Re: UTF-8, OSTA-UDF [why?], Unicode, and miscellaneous gibberish

Michael Poole (poole+@andrew.cmu.edu)
Tue, 26 Aug 1997 12:58:44 -0400 (EDT)


As a preface: Alex, your rants aren't going to convert very many
people to your side; while not very many people (for or against Unicode
support .. where? in the kernel? is that what this is about?) are
arguing in depth with facts, the volume of your vitriol exceeds others'.

The main point I'd like to make, though, is this: this is the
linux-kernel mailing list; we should try to restrict ourselves to
discussions pertinent to the kernel. A general debate about the
advantages of Unicode or some other character encoding doesn't need to
take place; the only reason to discuss character set encodings on
linux-kernel are to decide what the kernel should use. For simplicity's
sake, the kernel encoding should have certain features (which I discuss
below), which are generally not provided by native encodings.

On Mon, 25 Aug 1997, Alex Belits wrote:

> On 26 Aug 1997, Kai Henningsen wrote:
>
> > > Typesetting rules are derived from language, and language information is
> > > present in native encoding + metatadata, but lost in Unicode.
> >
> > Surprise! Use Unicode+metadata and keep the information. Or use native
> > encoding without metadata and lose it, too. So what's new?
>
> Unicode is supposed to _replace_ metadata and be still complete. This is a
> lie. Native encodings require metadata to be used together, and that
> doesn't make them any inferior to Unicode.

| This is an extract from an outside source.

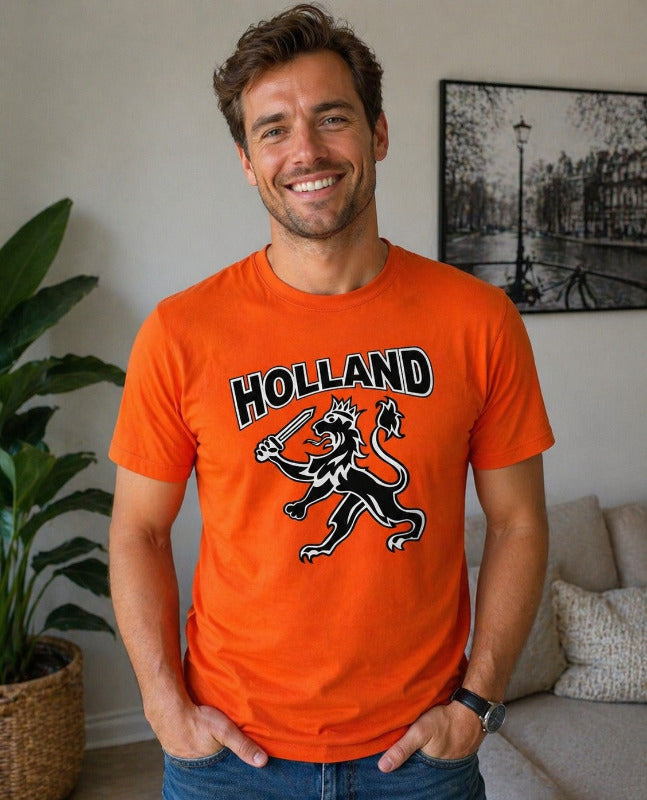 oranje fanshirt met leeuw gedragen door heer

Perhaps you haven't read The Unicode Standard, v2.0 (the big black
book). It says *specifically* that you need data outside the Unicode text
to properly handle all issues; several examples are sorting and character
generation (for example, going from Korean jamo to full glyphs, or from
roman character input to Han glyphs). While I don't want to get into a
debate on the relative merits of Unicode versus other encodings, it seems
reasonable for the kernel to support more than 256 characters. In the
interests of a small kernel (both source and binary), whatever encoding is
used should be space-efficient and not require large processing routines
(eg for character begin-end detection). Unicode and UTF-8 provide this,
while still not having excessively large overhead for unusual character
storage; most 'native' encodings that support more than 256 characters
don't have this advantage.

> > > Software doesn't exist because it's impossible to write anything based on
> > > Unicode without losing quality below the level, already provided by
> >
> > You misspelt "gaining quality".
>
> Please learn to read in plain English. Quality is lost, and I know it. How
> you can know that or the opposite with your native language in iso8859-1,
> that Unicode is designed to be absolutely compatible with, I have
> absolutely no idea.
>
> > > It simplifies issues for GUI-writers and creates a nightmare for everyone
> > > else. Of course, Microsoft doesn't care about anything but GUI, but I do.
> >
> > Of course, _nobody_ has presented the slightest shred of evidence that it
> > creates nightmares for anybody,
>
> ...If that "anybody" speaks English and German.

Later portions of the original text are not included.